Une fois n’est pas coutume, aujourd’hui, c’est une bande dessinée qui sera la star de mon article. Techniquement, j’adore la BD. Mais pas toutes, loin loin de là. Pour vous situer, le Dieu de la bédé, à mes yeux, c’est Jean Van Hamme. Waw. Thorgal et Largo Winch sont les BD qui ont bercé mon adolescence (et la suite). Dany aussi (pour son Histoire sans Héros et 20 ans après, ou Lost avant l’heure), Hermann un peu, tout ça. Et Astérix, avant ça. Et Spirou et Fantasio aussi, avant. Mais avec Van Hamme, je suis devenue plus exigeante, niveau scénario, dessins, ambiance, tout ça.

A côté de cela, je suis une grande adepte de la demoiselle Pénélope Bagieu, dont je suis assidûment les aventures. Rien à dire, cette fille a une justesse qui fait que même si ce n’était pas forcément le genre de dessin qui me parlaient, je suis tombée sous le charme de son crayon (ou de sa tablette plutôt).

Du coup, quand j’ai vu qu’elle avait sorti une BD sous un format différent (à savoir une histoire suivie de 128 pages) de son blog (un dessin, une histoire) ou de son autre bande-dessinée, Joséphine, ma curiosité a été directement éveillée. J’ai quand même résisté une dizaine de jours, et puis hop, vendredi soir, à la sortie du boulot, j’ai filé dans une librairie m’acheter le livre. Déjà, tout bête, mais j’aime beaucoup le format, plus petit qu’une bd classique.
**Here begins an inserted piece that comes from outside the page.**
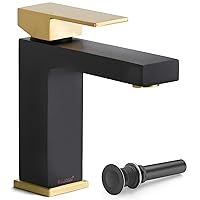Black and Gold Bathroom Faucet Single Hole, ORLANDO Single Handle Bathroom Sink Faucet, Brass Vanity Faucet with Drain Assembly Supply Line, Deck Plate Included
Cadavre Exquis, c’est l’histoire de Zoé, une jeune Parisienne qui a, disons le franchement, une vie de merde : job d’hôtesse qu’elle déteste, un mec qui est l’antonyme des termes sexy, charismatique, classe, etc. Un jour, au détour d’un rideau, son regard croise celui de Thomas Rocher, un écrivain à succès, qui vit plutôt bizarrement. La demoiselle va tout doucement s’intégrer à la vie de l’écrivain égocentrique. Quand soudain.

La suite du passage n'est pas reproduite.